「グロいだけの、内容のない映画だ」
「今年のNo.1のクソ映画だったね」
駅ビル内にある映画館から友人と映画の感想を言いながら外への通路を歩く。
著作権が切れたマスコットをホラー映画で起用する、と大々的に宣伝していた映画を観てきた。
映画館で観るほどのものではなかった、と正直思う。まあ、友人とこれから楽しく批評するし、いいか。
駅ビルを出て時だった。通行人の流れがやけに悪いように感じた。
「事故かな」
友人がいち早く、状況を理解しようと前に出た。
俺はキョロキョロとまわりを確認しつつ友人のもとへ向かう。駅のロータリーで人が倒れていた。
ロータリーを見下ろせる位置で、その人を観察する。血を流し仰向けになってピクリとも動いていない。

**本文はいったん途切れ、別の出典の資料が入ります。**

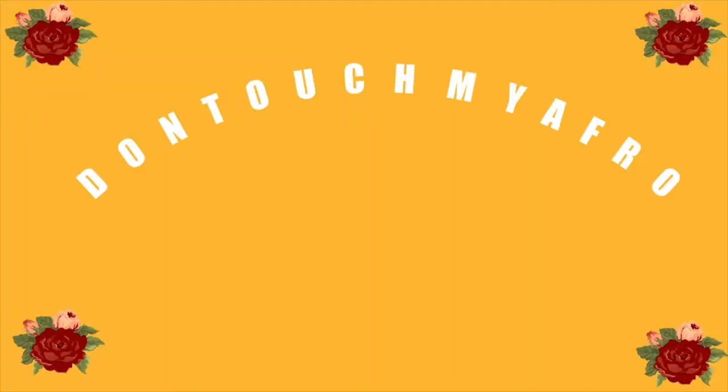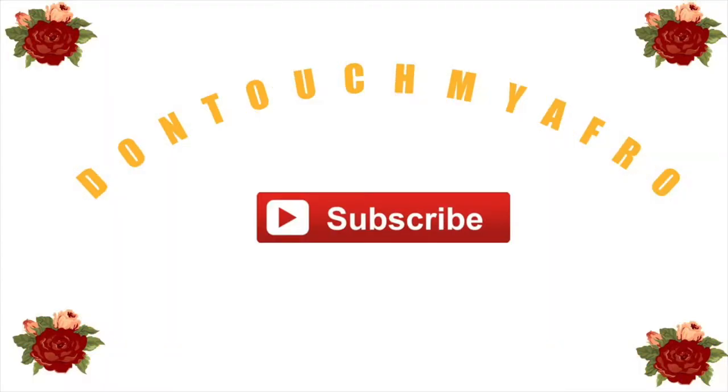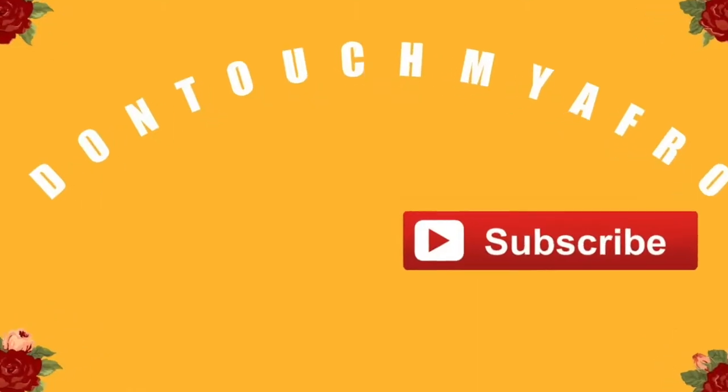Hey y'all, welcome back to my channel — it's Don't Touch My Afro — and today I'm going to be spilling some tea on where I've been. Before you even watch this video, make sure you hit the little circle I'm going to insert over here with my face in it, so you can be notified whenever you check your subscription box. This is just tea on where I've been.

その人を少し遠くから眺めるように人だかりができている。
手には皆スマホを持っていて、写真を撮る。心配よりも真剣な顔といった感じだった。
サイレンの音が遠くから聞こえる。だれかがすでに救急車を呼んでいたみたいだ。
人だかりは動こうとはしない。
人だかりは写真を撮っている。倒れている人のそばには足跡のない綺麗な血だまりがあった。
僕らは人の血を見ることだけには慣れ過ぎていた。